Colombiaanse kiezer beslist over vrede
BOGOTA. Colombiaanse kiezers stemmen zondag bij de presidentsverkiezingen in essentie over de vraag hoe het land het conflict met de opstandelingen moet aanpakken: door gewapende strijd of via onderhandelingen.
In deze tweede ronde van de verkiezingen is de keuze in het door oorlog verscheurde land beperkt tussen centrumrechts en uiterst rechts. De eerste richting wordt vertegenwoordigd door zittend president Juan Manuel Santos, die herkozen wil worden, de laatste door Oscar Ivan Zuluaga, een aanhanger van de voormalige president Alvaro Uribe (2002-2010). De twee kandidaten liggen nek-aan-nek in de opiniepeilingen. Zuluaga haalde in de eerste ronde van de verkiezingen in mei 29,3 procent van de stemmen, Santos 25,7. De opkomst was laag: 41 procent.
Beide kandidaten staan een neoliberale politiek voor, met een bloeiend bedrijfsleven als basis voor ontwikkeling. Ze willen lage belastingen voor rijken en de uitkeringen voor armen financieren uit de grootschalige productie van olie, kolen en goud door multinationals in de komende twintig jaar. Beide kandidaten waren minister onder Uribe. Zuluaga was minister van Financiën en Santos van Defensie.
Tijdens de regering-Uribe raakten 2,5 miljoen mensen ontheemd door de oorlog. Zeker 3000 burgers werden gedood door het leger en aangemerkt als „guerrillastrijders” die waren gesneuveld in de strijd. Militairen kregen beloningen zoals geld, promoties en reizen naar het buitenland voor het doden van opstandelingen.

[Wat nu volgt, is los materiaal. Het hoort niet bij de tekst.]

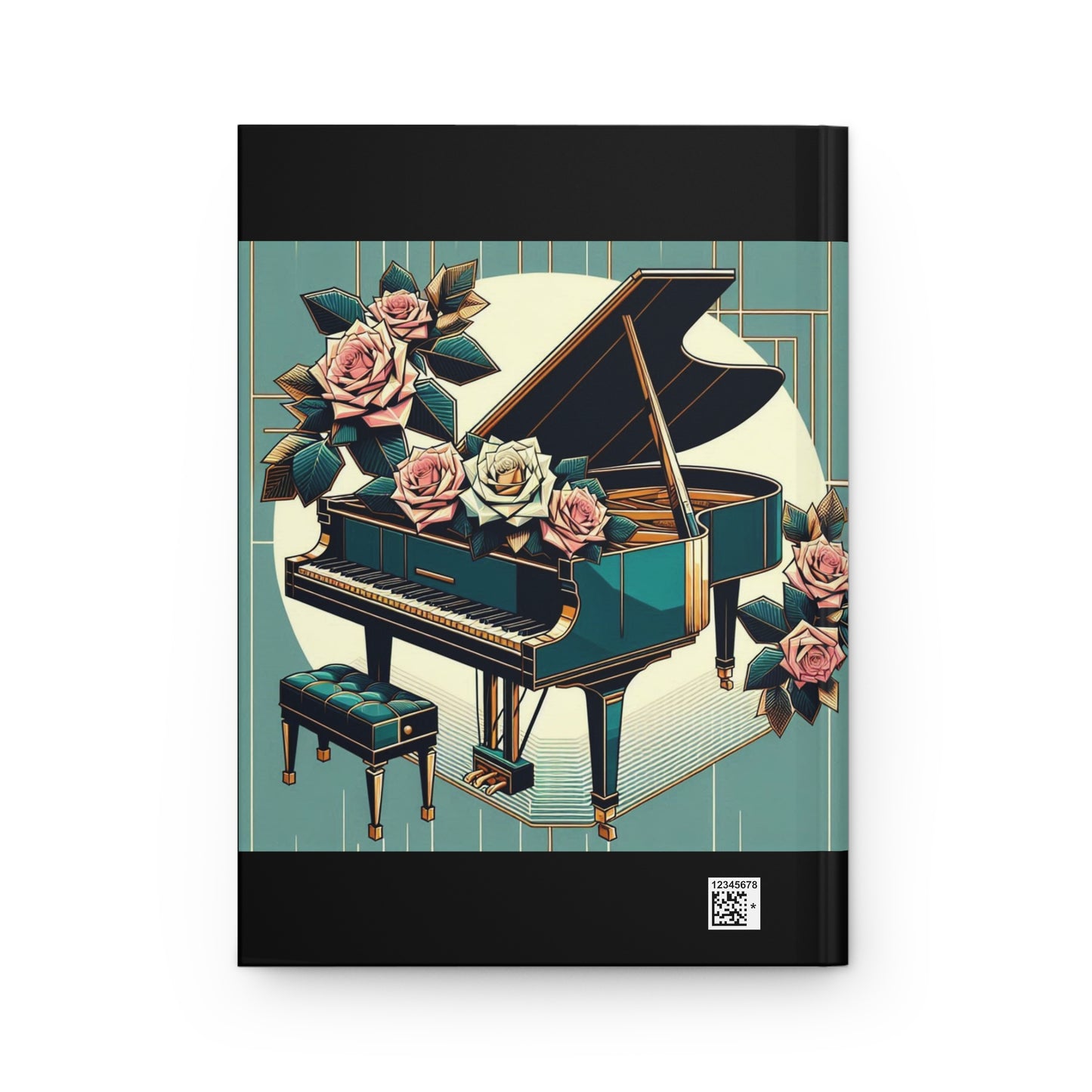Elegant Piano Flower Hardcover Journal - Perfect for Musicians & Music Lovers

Zuluaga wordt door zijn tegenstanders gezien als een marionet van Uribe. Maar hoewel Santos in 2010 werd gekozen met de steun van rechts, inclusief de aanhang van Uribe, joeg hij direct na zijn aanstelling zijn voormalige baas tegen zich in het harnas. Hij draaide beleid van Uribe terug en liet zich kritisch uit over sommige acties van de vorige regering.
Santos herstelde ook de relatie met zijn lastige buurman Hugo Chavez van Venezuela, die werd verafschuwd door Uribe. Chavez was president van Venezuela van 1999 tot zijn dood in 2013.